Your assignment
For the data that follows, print the line with "May include: A", the line with "Closeup shot of", and all lines between them, exactly as they stand. Omit pictures and add nothing.

Available data
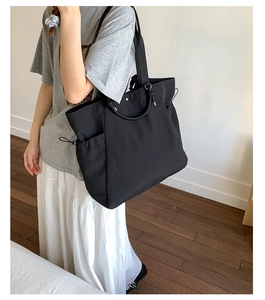 Detail of black large capacity tote bag with side drawstring pocket on model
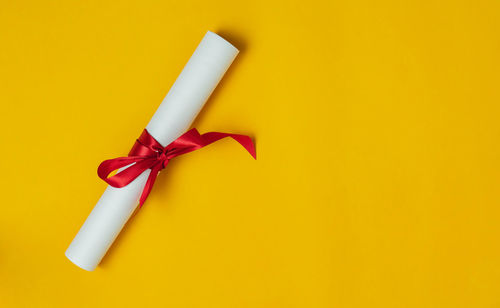Close-up of paper tied up on yellow background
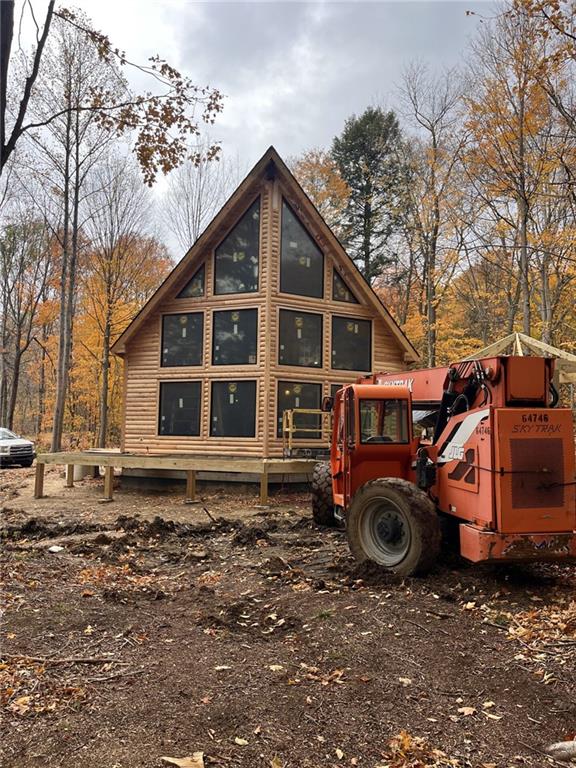 8498 East Lake Road Erie, PA 16511 - Photo 3 of 16 a view of a house with truck parked on the road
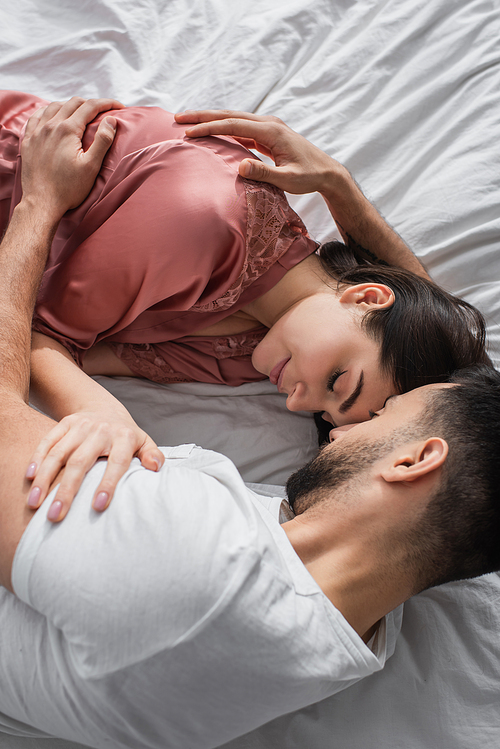 top view of young man lying on bed with white linen and gently hugging girlfriend with closed eyes in bedroom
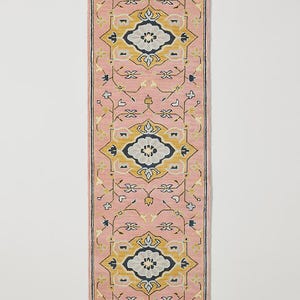 May include: A rectangular pink rug with an intricate geometric pattern. The design features repeating floral and geometric motifs in yellow, navy, and light blue. The rug is a runner style, ideal for hallways or entryways.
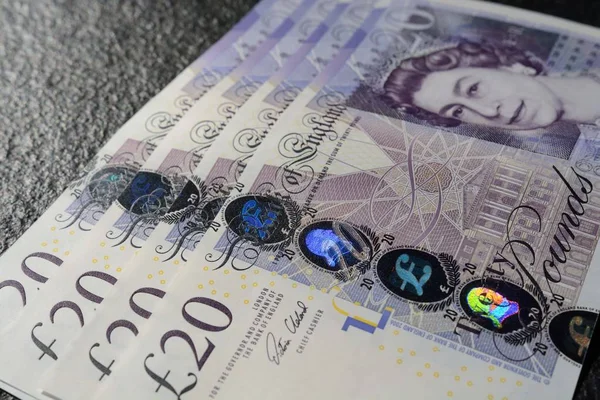 Closeup shot of twenty-pound sterling bills on a gray background — Stock Photo, Image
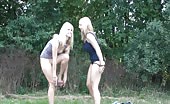 Two Swedish girls peeing outdoor on the ground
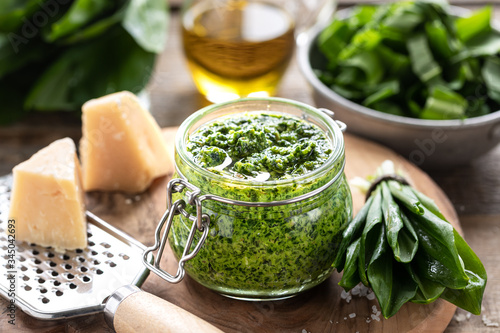 Fotografiet Wild leek pesto with olive oil and parmesan cheese in a glass jar on a wooden table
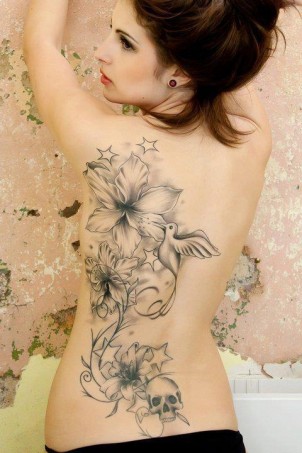 Black and white tattoo with flowers, stars, a bird and skull on girls back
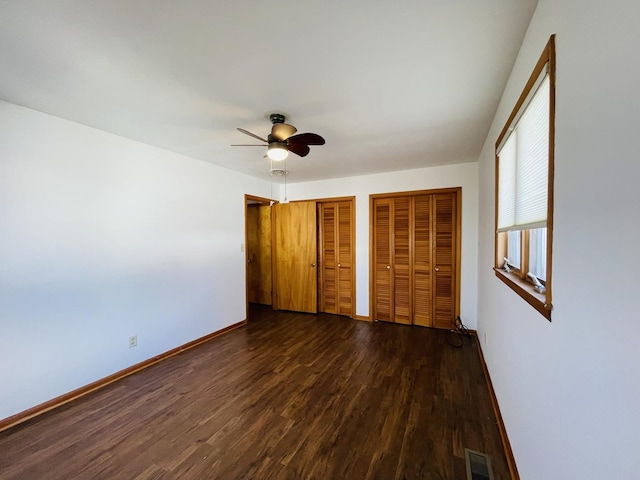 unfurnished bedroom with multiple closets, ceiling fan, and dark hardwood / wood-style floors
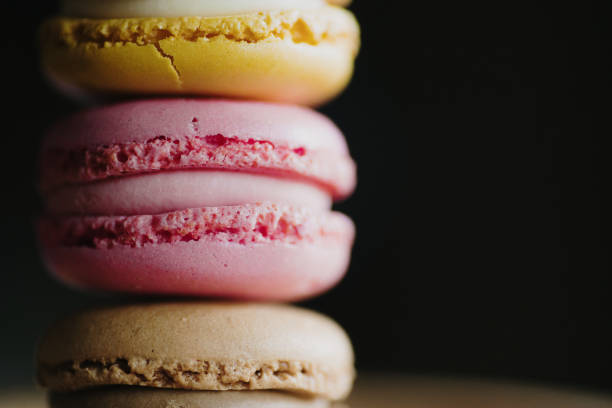 Macarons of different flavors close-up on background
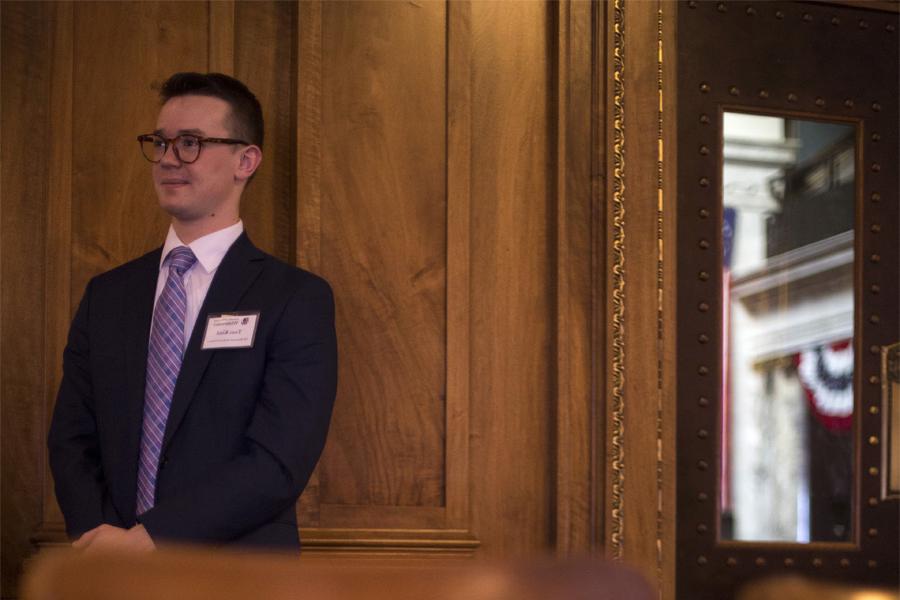 A student wears a suit and tie and stands against a wood paneled wall.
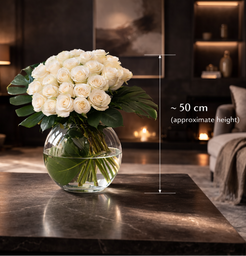 Luxury white roses bouquet approximately 50 cm high in clear glass vase, contemporary dark interior setting, Montreal flower delivery
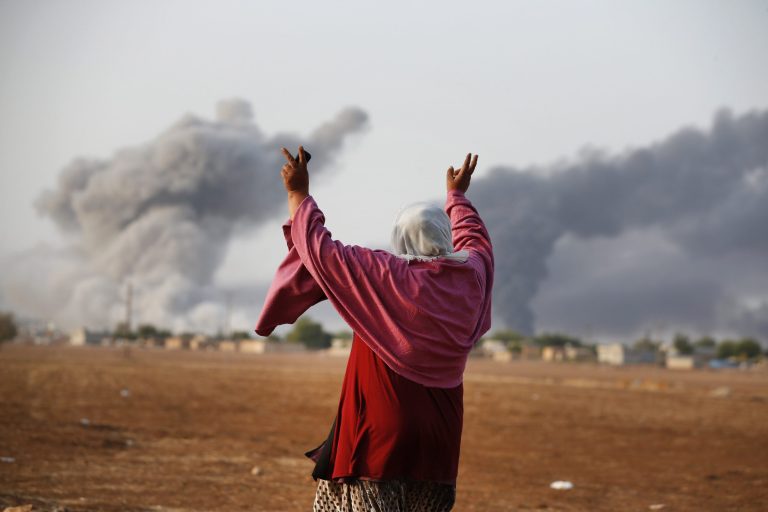 Syrian Kurd Kiymet Ergun, 56, gestures,  in Mursitpinar on the outskirts of Suruc, at the Turkey-Syria border, as thick smoke rises following an airstrike by the US-led coalition in Kobani, Syria as fighting continued between Syrian Kurds and the militants of Islamic State group, Monday, Oct. 13, 2014. Kobani, also known as Ayn Arab, and its surrounding areas, has been under assault by extremists of the Islamic State group since mid-September and is being defended by Kurdish fighters. (AP Photo/Lefteris Pitarakis)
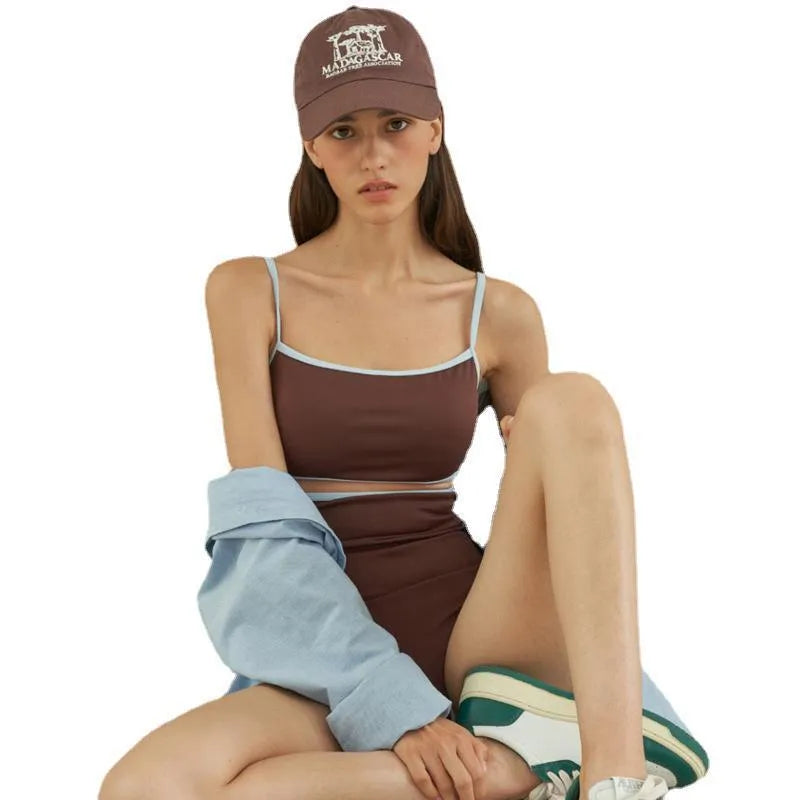 Brown triangle one-piece swimsuit for women on a mannequin.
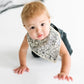 Baby wearing Copper Pearl Single Holiday Bandana Bib - patch spiderwebs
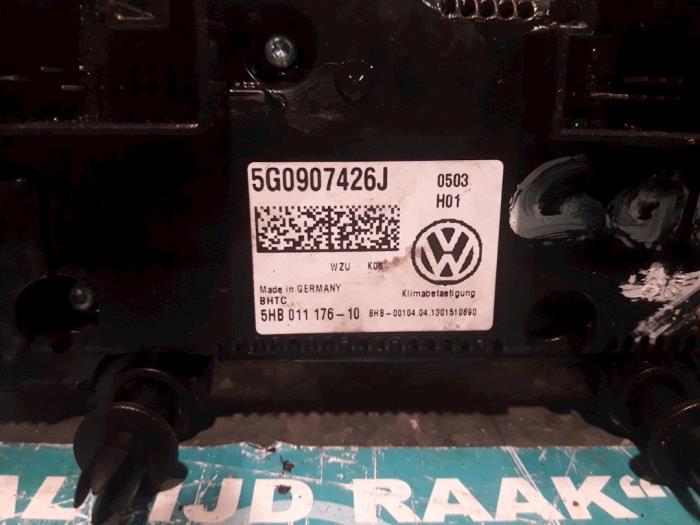 Panel de control de calefacción de un Volkswagen Golf VII (AUA) 1.4 TSI 16V 2015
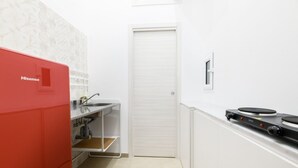 Et lille køkken med et rødt Hisense-køleskab, en hvid vask og en komfur.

Result
 May include: A rectangular pink rug with an intricate geometric pattern. The design features repeating floral and geometric motifs in yellow, navy, and light blue. The rug is a runner style, ideal for hallways or entryways.
 Closeup shot of twenty-pound sterling bills on a gray background — Stock Photo, Image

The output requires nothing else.